Re: Two crazy proposals for changing git's diff commands

From: Junio C Hamano <junkio@cox.net>
Date: 2006-02-10 13:24:06
Carl Worth <cworth@cworth.org> writes:

> The more significant aspect of the above grouping is not "what
> workflow is supported" but whether the commands operate primarily on
> the index or on the files in the working directory. The distinction is
> significant to understanding and taking full advantage of git. And
> this aspect of git is something that is particularly unique to git
> (and hence some source of confusion to newcomers).

I think that is a wrong place to start from.  There is no such
thing as "file focused" operation in git.  Git _fundamentally_
works with index.  The reason "diff-index" without --cached is
there is to tell you what _would_ happen if you were to run
update-index on the path.  The same thing for "diff-files".  It
tells you what damage you would be inflicting on the index if
you were to update-index it with what you have in the working
tree.  They are simulations of what _would_ happen after you
place them in the index, and until you place them in the index
you obviously cannot write things out to a tree.

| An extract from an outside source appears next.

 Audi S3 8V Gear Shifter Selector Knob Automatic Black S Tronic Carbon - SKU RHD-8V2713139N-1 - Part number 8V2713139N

However much you want to make git pretend to be "file focused",
you cannot deny the fact that the interesting things happen only
after you place things in the index.

Now, from purely traditional SCM point of view, index may be
secondary.  People coming from index-less SCM background would
just want two entities: the last checkin and what you have in
the working tree.  If your goal is you would want to have an
alternative UI that completely hides index, that is a worthy
goal (I think Cogito attempts to do so and does a reasonably
good job), but that is something different from what git
barebone Porcelains would want to force on its users.

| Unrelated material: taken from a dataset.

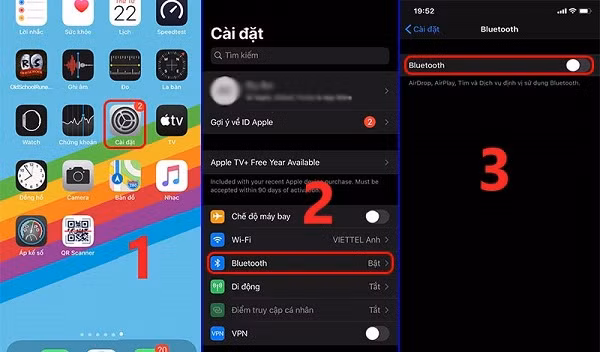 Các thiết bị Bluetooth có thể tự động kết nối khi được đặt gần điện thoại và gây ngốn pin điện thoại nếu bạn đang bật chế độ này. Hãy ngắt bỏ kết nối các thiết bị Bluetooth không cần thiết bằng cách vào Settings > Bluetooth, thậm chí gỡ bỏ những thiết bị Bluetooth không cần thiết.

But I do not think that is what you are aiming for in this round
of your proposal.

> I agree. I think the current 'tutorial introduction to git' does a
> good job at demonstrating one work flow. I'm picky though, so the two
> changes I'd like to have in it are: 1) No command-line options
> necessary (rename "commit -a" somehow). 2) Provide an honest
> HEAD->files diff rather than the current "git diff" that just
> 'accidentally' happens to give the same answer in this case.

Again, (2) is "git status -v".  Simulation of what would happen
if I were to commit right now.  For (1), "git commit" to mean
"git commit -a" has already been rejected, but you could
introduce git-commit-all if you want.  I however do not think
that would fly well with general public; after already seeing
100+ commands adding one more would not be too much but I think
that would be an additional confusion, not simplification.

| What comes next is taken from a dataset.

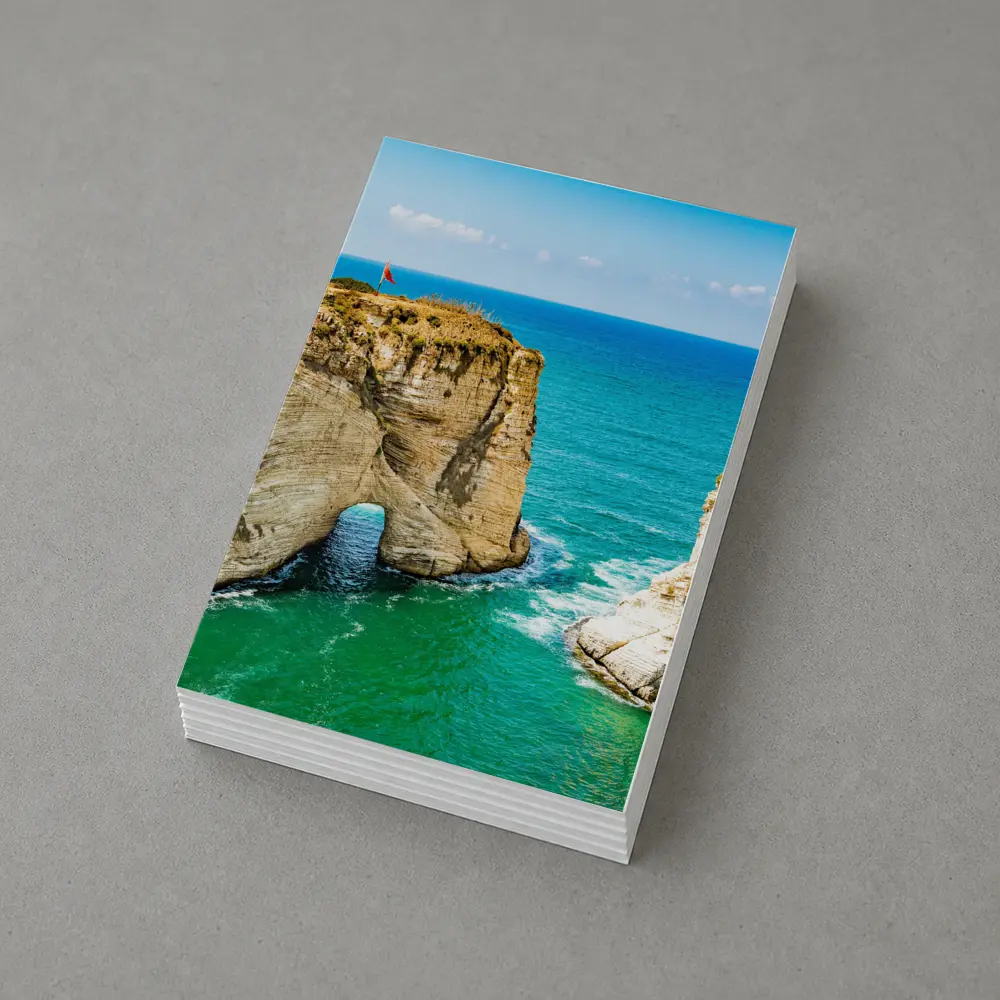 Raouche Rocks Beirut Blue Mediterranean Sea – Postcards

> For a taking-advantage-of-the-index workflow, I think the 'short git
> tutorial' does a poor job, (it makes the index notion just seem
> painful and in the way). But Linus' responses to me in the recent
> threads have helped me understand it better, so there's material for
> an improved tutorial there I think.

Thanks.  I take it to mean I can expect some updates to the
section from you ;-).

> Yes, I can do that personally, and I do agree it's a nice benefit of
> git. (Though some might see it as a defect if such scripting is
> perceived as being necessary before getting comfortable use out of the
> tool.)

As I already said, if enough people share the opinon that that
particular wrapper is a good thing, it would become established
BCP and eventually make it into a new command or a new option,
even replacing the existing one if the benefit outweighs the
transition cost.

I do not, unfortunately, see much merit in what you have said so
far, such as renaming "git diff --cached" and "git diff HEAD".
Running --cached and non --cached against something other than
HEAD _is_ useful [*1*], so you cannot remove the existing "git
diff --cached <commit-id>" or "git diff <commit-id>"; which
means you would need two extra command just for the common cases
to run "git diff --cached HEAD" and "git diff HEAD".  Certainly
that would be less typing for that particular case, but does
that justify two extra commands?  Along with the git-commit-all
that would be three extra commands.  I am not convinced.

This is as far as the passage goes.